*Task to carry out*: Apart from the images, output the data below exactly.

*Supplied material*:
-- Opening Marker --

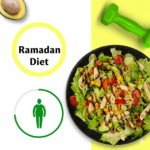 برنامج غذائي لرمضان - فيتسمال.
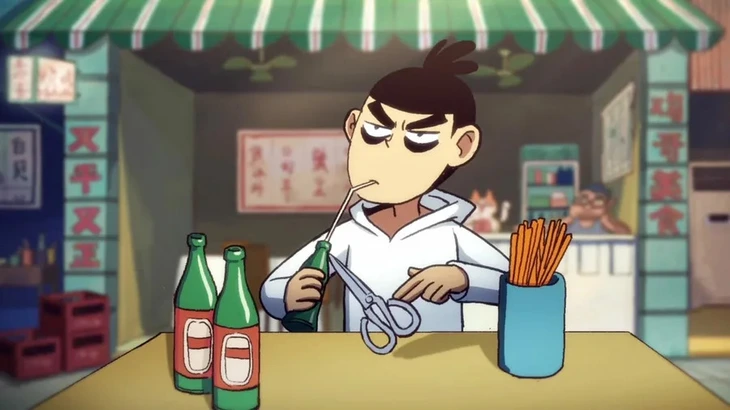 anime - Ảnh 1.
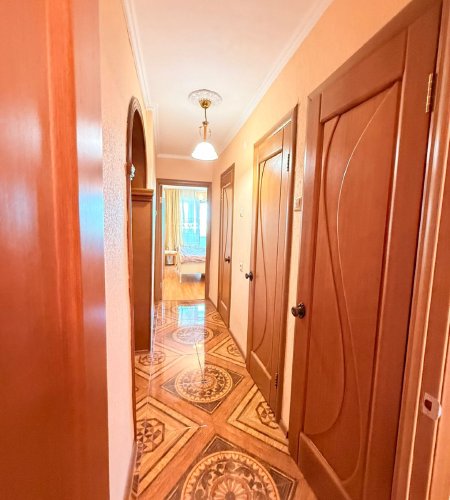 Продается квартира в Строкино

-- Closing Marker --

*Result of this exercise*:
 برنامج غذائي لرمضان - فيتسمال.
 anime - Ảnh 1.
 Продается квартира в Строкино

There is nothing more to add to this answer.